I went to Easter services with my family
and Passover dinners with Arthur.
And, I always hurt when I sensed someone I loved
was pronounced different
by someone else I loved.
Being different kept people from people,
being different was used as an excuse for wars
in my nuclear family and community–
wars on who was better, or who had more.
If you were bigger or stronger,
if you had more education or money,
if you had more people on your side,
or had the right color skin,
if you had a Christ on your side,
or a culture to uphold,
you could win these wars.
Both winner and loser were left
with ignorance and loss,
the inability to share in a deep way
what is common to both–
humanity and life.
As I reflect on these seemingly random events
experienced when young,
I hear some small quiet voice
from the depths of my heart say,
“Oh but we did not mean it, we hurt,
we were frightened, we simply never learned
to cherish differences and to grieve past losses.”

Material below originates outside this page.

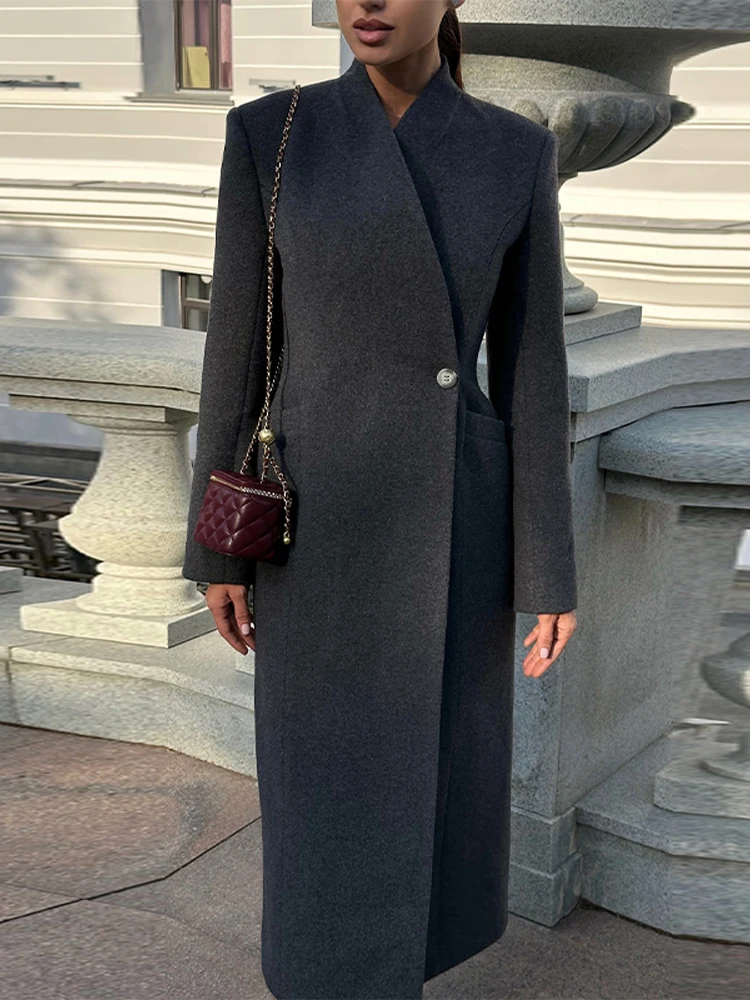 أنيقة زر معطف طويل المرأة الصلبة ضئيلة كم كامل الوقوف طوق جيوب عدم التماثل معاطف الإناث أزياء الربيع أبلى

I hear others say as they read these plaintive cries,
“Oh, yes, I know, that was childhood,
we all go through it, it was no big deal.”
“If it was no big deal,
if there was no great pain, or fear, or death,
in those small nuclear family and neighborhood wars,
then why, why, as a society, do we have the need,
the capability to destroy our planet?
Was my childhood really so different from yours?
We are now a global community tied together
by nuclear warheads checkering our global landscapes,
not unlike those seemingly random memories
of childhood landscapes.
I wonder now,
Can we learn to make peace– will we?